Try it:
Find the line with "Faionable Denim ter" in the data below. Repeat it and every line after it up to the end, exactly, but drop the pictures.

Data for analysis:
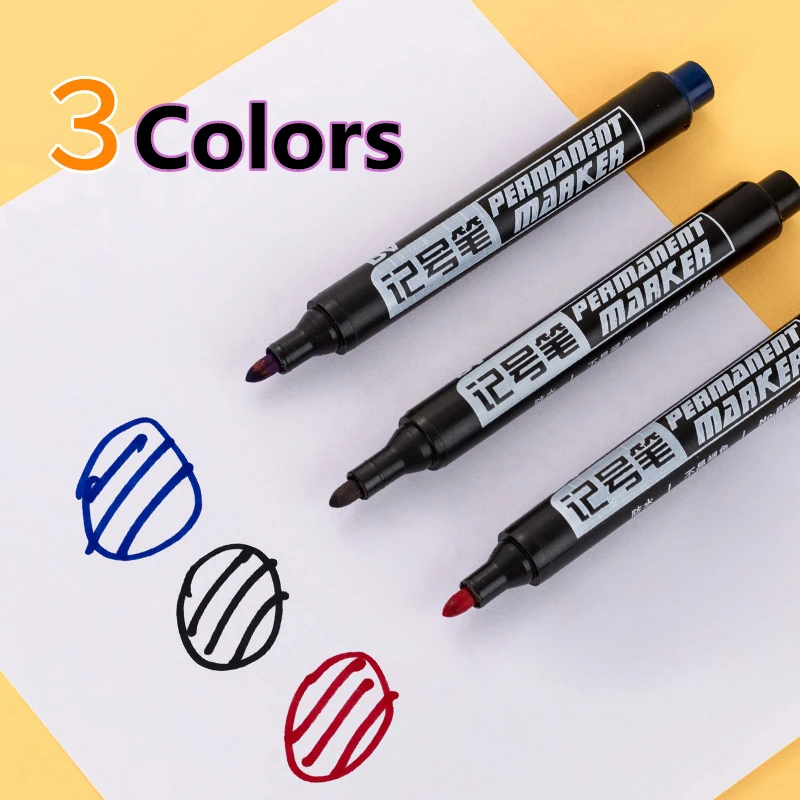 6 Cái/bộ Thường Trực Bút Đánh Dấu Mỹ Điểm Mực Chống Thấm Nước Mỏng Ngòi Thô Ngòi Đen Xanh Màu Đỏ 1.5Mm Mịn màu Bút Bút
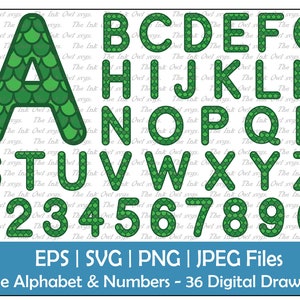 May include: Green alphabet and numbers with a scale pattern. The letters and numbers are outlined in black. The letters are uppercase and the numbers are in a standard font. The image includes the text "EPS | SVG | PNG | JPEG Files" and "Scale Alphabet & Numbers - 36 Digital Drawings".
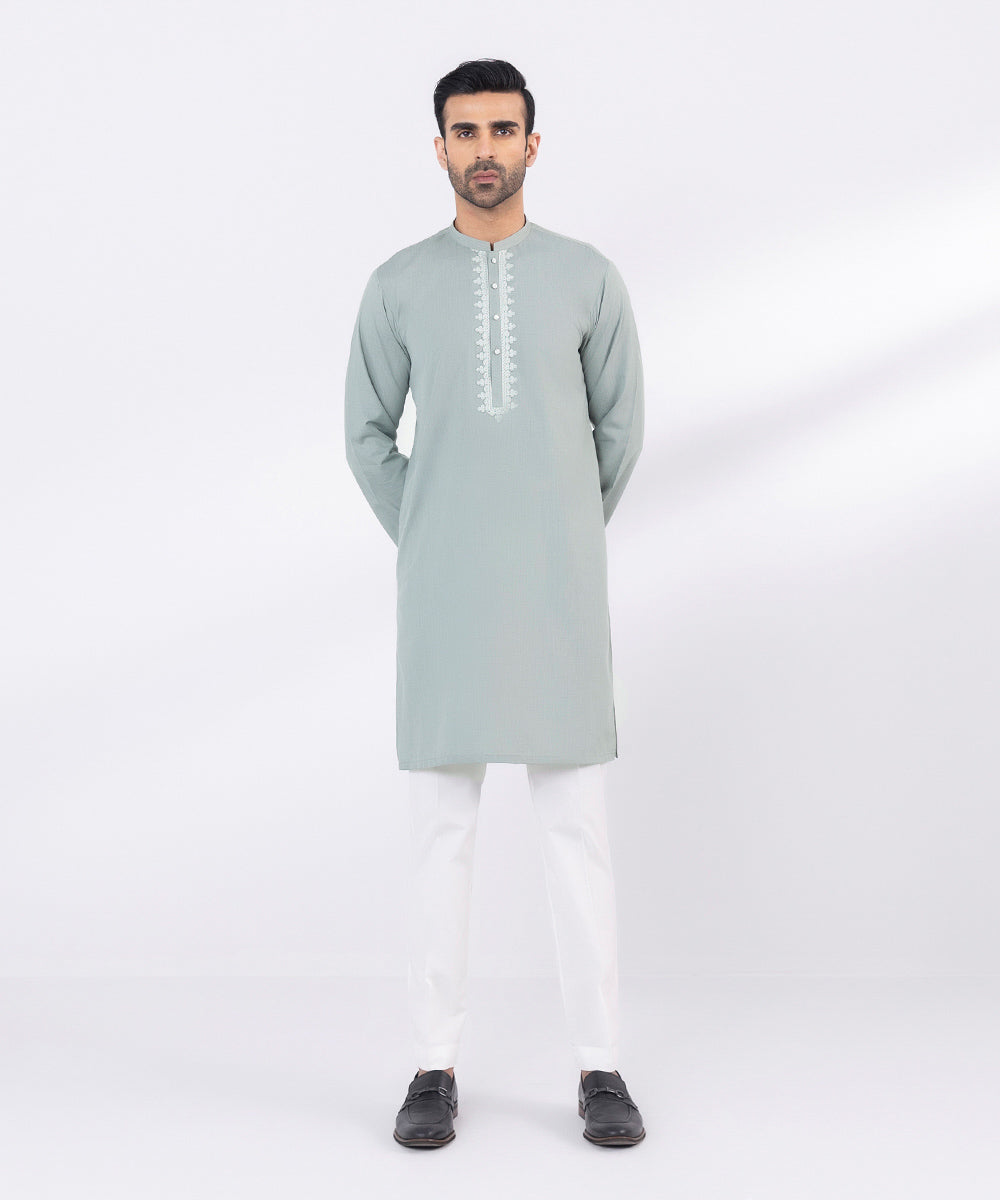 Men's Stitched Embroidered Fancy Wash & Wear Ash Grey Straight Hem Kurta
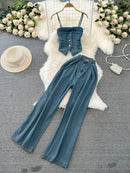 Faionable Denim ter Ne Crop Top And High Waist  Skirt Women's Set Summer Polyester Material Youthful Sle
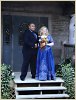 The married couple in front of the chapel.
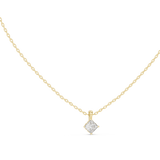 14K Solid Gold Lab Diamond Solitaire Pendant Necklace, Yellow Gold, view 1
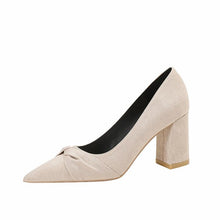 Petite Size Pointy Chunky Heel Suede Pump Shoes ES26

Result of this task:
 Faionable Denim ter Ne Crop Top And High Waist  Skirt Women's Set Summer Polyester Material Youthful Sle
 The married couple in front of the chapel.
 14K Solid Gold Lab Diamond Solitaire Pendant Necklace, Yellow Gold, view 1
 Petite Size Pointy Chunky Heel Suede Pump Shoes ES26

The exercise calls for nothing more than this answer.